In April, a court in Kromy of the Oryol Region passed a verdict in a case against local poet Alexander Byvshev pertaining to the publication of his poem “On the Independence of Ukraine.” The poet was sentenced under Article 282 of the Criminal Code to 330 hours of community service with a three-year ban on teaching. However, the regional court revised this decision in June and increased the punishment to 400 hours of community service – at the same time, crediting Byvshev 300 hours of community service he already served in accordance with his 2015 sentence for another poem on the same topic. Thus, the actual community service requirement came down to 100 hours. “On the Independence of Ukraine” contained statements that can be interpreted as humiliating for residents of Russia, but the poem’s intent was political rather than xenophobic. In addition, as SOVA Center has repeatedly pointed out, humiliation of dignity is an act that does not present significant social danger and should not be subject to criminal prosecution.
In the same month, yet another case against Alexander Byvshev was opened under Article 282 Part 1. He was charged for publishing on the site orlec.ru his poems “The Russian spirit” and “A Mighty Pile,” which, according to the law enforcement, contained “statements, derogatory in character, against a particular ethnic group.” Byvshev published these poems in September 2017 in the comments to the article about a garbage pile in a building courtyard in Oryol. The author mocks the Russians’ disinclination for cleanliness and order and speaks of his fellow citizens in unflattering terms, but, nevertheless, both poems contain nothing that could serve as the basis for criminal prosecution for incitement of hatred.
Evidently having decided not to rest on their laurels, law enforcement agencies opened another case against the poet in July – this time under Part 2 of Article 280 (public calls to extremist activity committed with the use of the Internet). The case is based on the fact of publication of his poem “Dedicated to Expansion of NATO to the East.” We doubt the appropriateness of the charges. Despite his bellicose rhetoric, the author calls for the expansion of NATO's borders as part of a containment strategy, not for a war with Russia. In addition, leaders of NATO or of the NATO countries are not among Byvshev's audience; therefore it is hard to envision his calls posing an actual threat.
A criminal case under Article 282 Part 1 of the Criminal Code had been opened in St. Petersburg in August against Yevgeny Nikolaev, the author of the video blog “Belarusian’s Diary.” He was charged for publishing under another author’s video a comment, which incited enmity and was degrading on the basis of ethnicity.

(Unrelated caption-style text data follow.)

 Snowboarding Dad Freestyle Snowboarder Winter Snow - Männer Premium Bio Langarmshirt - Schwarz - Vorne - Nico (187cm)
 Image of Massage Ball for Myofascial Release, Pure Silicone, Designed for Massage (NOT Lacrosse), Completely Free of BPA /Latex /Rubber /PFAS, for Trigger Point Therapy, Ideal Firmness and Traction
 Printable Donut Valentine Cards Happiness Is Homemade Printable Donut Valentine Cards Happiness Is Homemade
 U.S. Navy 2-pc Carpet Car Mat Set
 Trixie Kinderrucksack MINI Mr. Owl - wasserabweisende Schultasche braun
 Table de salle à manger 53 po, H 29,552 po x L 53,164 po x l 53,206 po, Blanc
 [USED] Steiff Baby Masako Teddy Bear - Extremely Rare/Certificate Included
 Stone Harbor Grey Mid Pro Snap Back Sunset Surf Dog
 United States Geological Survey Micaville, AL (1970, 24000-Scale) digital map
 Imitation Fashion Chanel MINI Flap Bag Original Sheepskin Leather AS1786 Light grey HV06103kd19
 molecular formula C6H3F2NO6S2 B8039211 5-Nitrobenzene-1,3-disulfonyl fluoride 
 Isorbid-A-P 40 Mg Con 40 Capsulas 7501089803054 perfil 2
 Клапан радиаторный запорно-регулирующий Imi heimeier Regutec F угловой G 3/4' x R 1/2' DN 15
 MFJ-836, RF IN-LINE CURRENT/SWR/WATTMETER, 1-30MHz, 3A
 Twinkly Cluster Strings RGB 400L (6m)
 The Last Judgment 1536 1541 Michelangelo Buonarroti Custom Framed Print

We had a chance to review Nikolaev's comment, in which he fiercely argued against the “vatniks” point that “Ukraine was invented by Lenin.” The comment contained the signs of humiliating the dignity not only of the Russians as a political entity, but also of ethnic Russians. However, this fact per se did not merit criminal prosecution, since the comment contained no aggressive appeals.
In 2018, the Federal List of Extremist Materials came to include a number of disparate Ukrainian materials seized from the Library of Ukrainian Literature in Moscow and banned in 2015 by the Meshchansky District Court. We had no opportunity to get acquainted with most of them and cannot assess the validity of their prohibition; the only obvious fact is that not all of them are nationalist. Surprisingly, the set of banned materials also includes two editions of the book The Empire of the Kremlin by well-known Sovietologist and publicist Abdurakhman Avtorkhanov (1908-1997), first published in Germany in 1988. The arguments of the court are unknown to us. The Empire of the Kremlin deals with the Soviet period of Russian history, which the author views through the prism of the “colonial policy” of the leadership towards the peoples of the USSR, revealing the chauvinistic attitudes of the Soviet leaders. The book contains neither nationalist rhetoric, nor aggressive appeals based on the author’s ideology, nor statements justifying Nazism. Perhaps the issues with the book were related to Avtorkhanov’s interpretation of the Molotov-Ribbentrop Pact or the history of the Bandera movement – the prosecutors and the court could have interpreted it as spreading false information about the activities of the USSR during the war. However, the signs of potentially being liable under Article 3541 of the Criminal Code do not provide a formal basis for recognizing a material as extremist. We would also like to remind that, in our opinion, the clause in Article 3541 Part 1 that provides punishment for spreading false information about the activities of the Soviet government during the Second World War should be excluded from the article as excessively restricting the discussion on historical subjects and thus violating the right to freedom of expression.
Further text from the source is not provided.